I liked studying at the Department, perhaps more than I liked the first two years of education with their non-specialized courses. It was due to the fact the courses became more relevant, and we were given more opportunities to work with plasma facilities and physical process modelling on PC. What I liked even more was the way the department staff and teachers addressed us – more like future colleagues, not just ordinary students. I highly appreciated how closely department activity was integrated with the international one, and the experience of joint research with other Russian and foreign institutes and students. Of course, there were some courses not so useful as regards the current state of scientific development. Still I treated them as another opportunity to develop skills in independent goal prioritization and resource allocation. Now, as the years passed, I understand it was a good decision, since it would be more difficult to develop such skills being already fully engaged in professional activity.
Between 2010 and 2013, I not only studied, but worked at the Plasma Physics Department. Under the supervision of Alexander A. Pisarev and in collaboration with Joint Institute for High Temperatures of the Russian Academy of Sciences and the Illinois Institute of Technology, I had a personal project on modification of supercondenser current collectors by precipitating functional coatings from magnetron charge plasma on its surface.
In 2012, I studied abroad for a bit more than 3 months in Kyushu University, Japan, undertaking an internship in the field of Statistical and synergetic conceptions of plasma physics. The memories about that training course are incredible, and I’ll keep them for the rest of my life. Asked about that time, I can talk for hours. In a few words, Japan is unlike anything I’ve ever seen in its common life and experience of collaboration with the Japanese colleagues while conducting research on the Steady-state Spherical Tokamak (QUEST) of Institute for Thermonuclear Research TRIAM.
Having graduated from the university, I was invited to work for NSG Pilkington Glass (Great Britain), as it started up a new plant for production of architectural glass with energy-saving thin film coating in the Moscow Oblast. I returned to Russia at the same time construction of buildings and equipment supply were started, and continued working there after the plant started operating, having gone from a Process Engineer to Deputy Operations Manager – Head of R&D, as I am now.

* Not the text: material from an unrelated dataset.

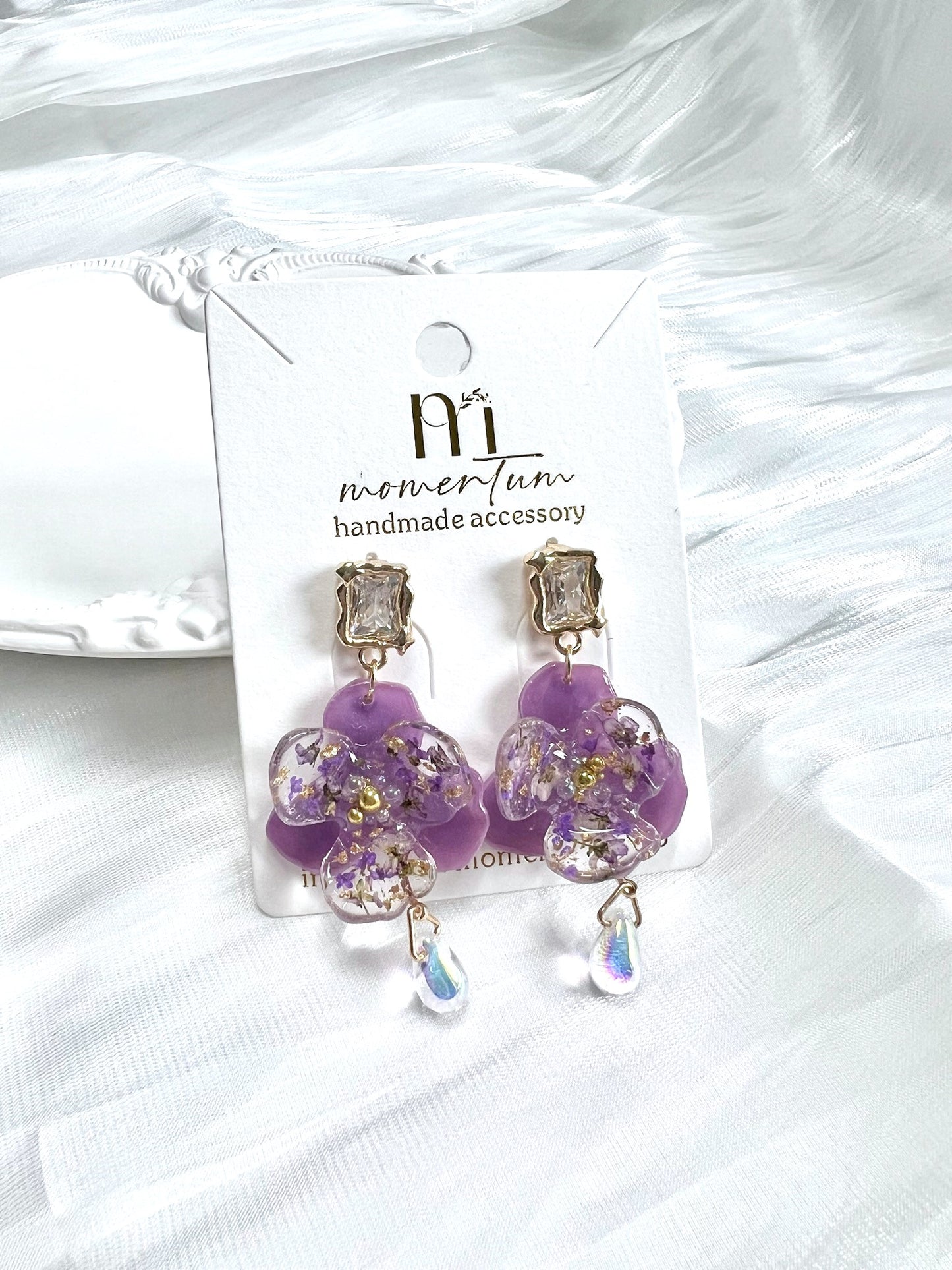 Rainlight Flora Earrings Card Purple.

I’m keeping develop my professional skills, and here goes the list of some of my career achievements:
- successful management of projects on start-up and modernization of thin film sector production sites, development of new products and production processes, industrial scaling and technological transfer, business development within the framework of the full product lifecycle management processes;
- authorship of ten invention patents, publications in Russian and international cross-sector scientific journals;
- participation in various conferences, symposiums and exhibitions as an invited speaker.
Due to the mentioned achievements, I have become:
- a current member of The European Society of Thin Films (EFDS e.V.) since 2015;
- a subject matter expert in KPGM U.S. (in the field of Analytical laboratory Equipment since 2015) and Expert Network Group LLC (in the field of Industrial Thin Film Technologies since 2016);
and entered the Board of Directors of International Council for Coatings on Glass and Plastics in 2016, having become the Chairman of the Department “Conversion and storage of light and energy, and display technologies” in 2017.

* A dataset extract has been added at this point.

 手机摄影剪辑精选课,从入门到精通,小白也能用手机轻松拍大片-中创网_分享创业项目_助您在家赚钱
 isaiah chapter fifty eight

My scientific research is currently centered on hydro- and lipophobic thin film and optical coatings, formation of ordered structures in thin films, accumulation and transfer of gaseous phase in thin films.
I’m sure opportunities for such professional achievements were given me by MEPhI. Graduation from MEPhI, and the Plasma Physics Department in particular, gives a powerful impetus for quick career development from the very beginning. MEPhI teaches you to think properly, analyze things, and systematically find ways to solve a problem, whatever its causes, without putting you under rigid constraints of formally acquired profession. The most important thing, however, is that there you learn not only to combine previous decisions to obtain relatively new results, but to create something brand new. The fact that it is not so easy to encounter such skills in our modern world makes them particularly valuable. Based on previous and current experience, I would like to emphasize that MEPhI is one of few Russian higher education institutions training completely prepared graduates that are ready to get to work as soon as they are employed, rather than acquire needed skills during professional activity.